I have this function
long long int divideBy10(long long int a){
return a / 10;
}
it's compiled to:
mov rax, rdi
movabs rcx, 7378697629483820647
imul rcx
mov rax, rdx
shr rax, 63
sar rdx, 2
add rax, rdx
ret
if I add __builtin_assume(a > 0);
it's compiled to
mov rax, rdi
movabs rcx, -3689348814741910323
mul rcx
mov rax, rdx
shr rax, 3
ret
The code is more efficient because it doesn't have to worry about negative signs. Now if I add __builtin_assume(a < 10000); I would've expected it to be compiled to one multiplication without shifts. but that's not the case.
I thought maybe the compiler only tracks if the number is positive or negative but
long long int noBranch(long long int a){
__builtin_assume(a < 400);
if( a < 500){
return a;
}
return 0;
}
compiles to just a move instruction so the compiler is able to track these bounds.

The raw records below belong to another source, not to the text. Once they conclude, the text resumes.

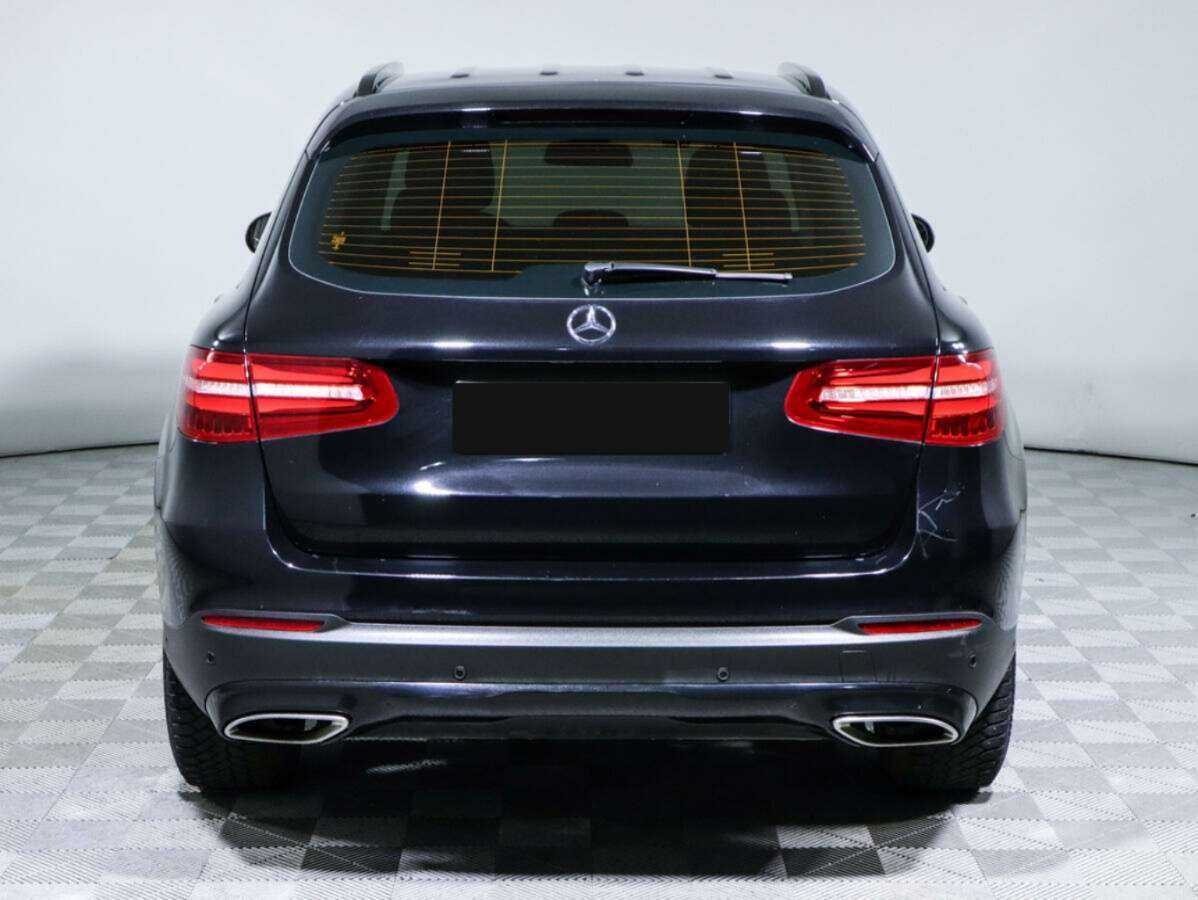 Mercedes-Benz GLC с пробегом — 2017 год. Фото: #4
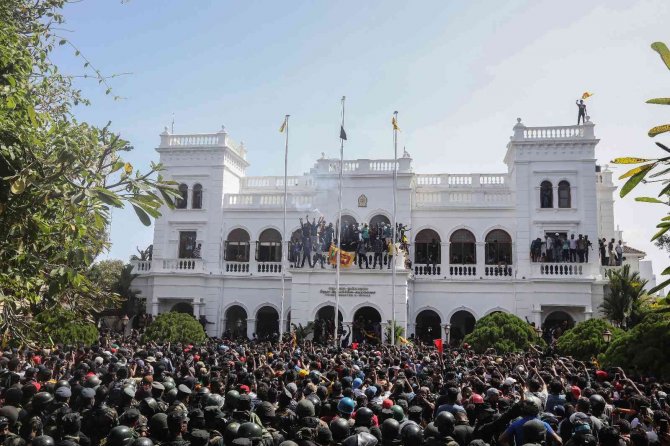 Sri Lanka’da Eylemciler, Başbakanlık Ofisi Bastı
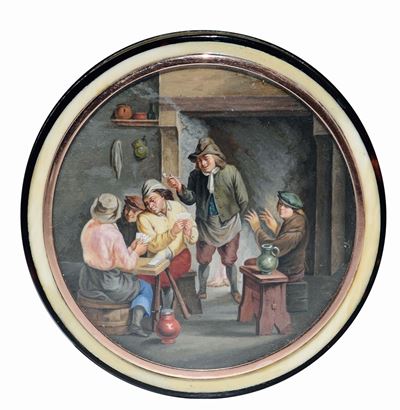 Scatola Tabacchiera Circolare in Tartaruga e Avorio. Europa, Olanda XVIII Secolo
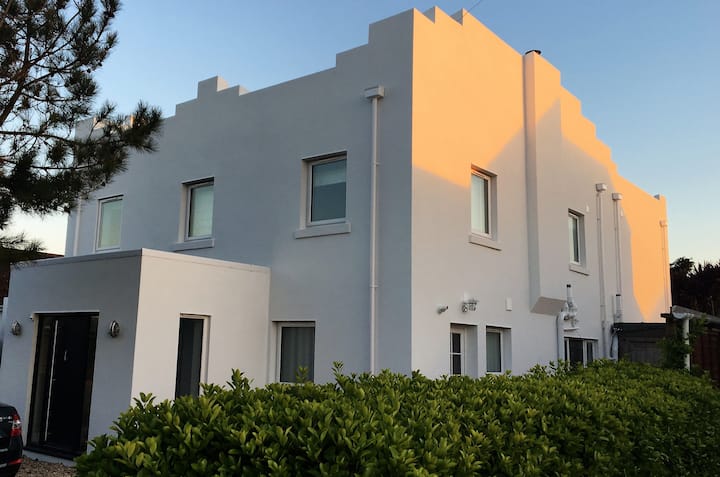 Seamark Beach House With Roof Terrace & Sea Views - Chichester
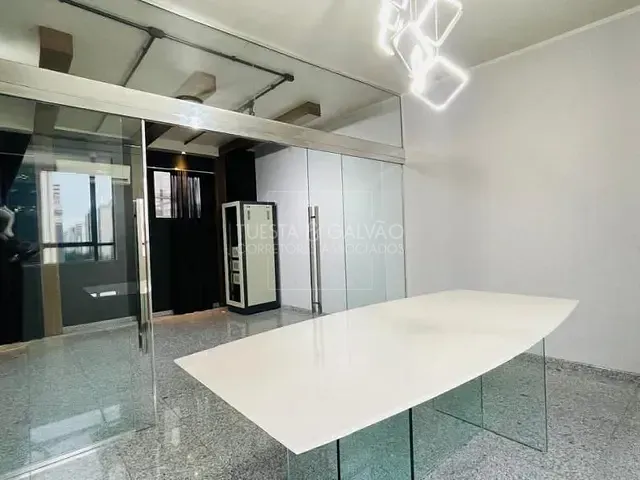 Prédio com 47m², à venda, no bairro Centro em Curitiba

Why are compilers not able to optimize the shift away? (this happens both in GCC and Clang).
This is the code, that I expected to be produced:
long long int d10(long long int a){
__builtin_assume(a > 0);
__builtin_assume(a < 10'000);
__uint128_t e = a;
e *= 0x199999999999999A;
return e >> 64;
}
d10(long long): # @d10(long long)
mov rax, rdi
movabs rcx, 1844674407370955162
mul rcx
mov rax, rdx
ret
Edit: I'm aware that you need a shift to be able to cover the whole range of long long int. I'm asking why can't compiler optimize the shift away if the range is restricted.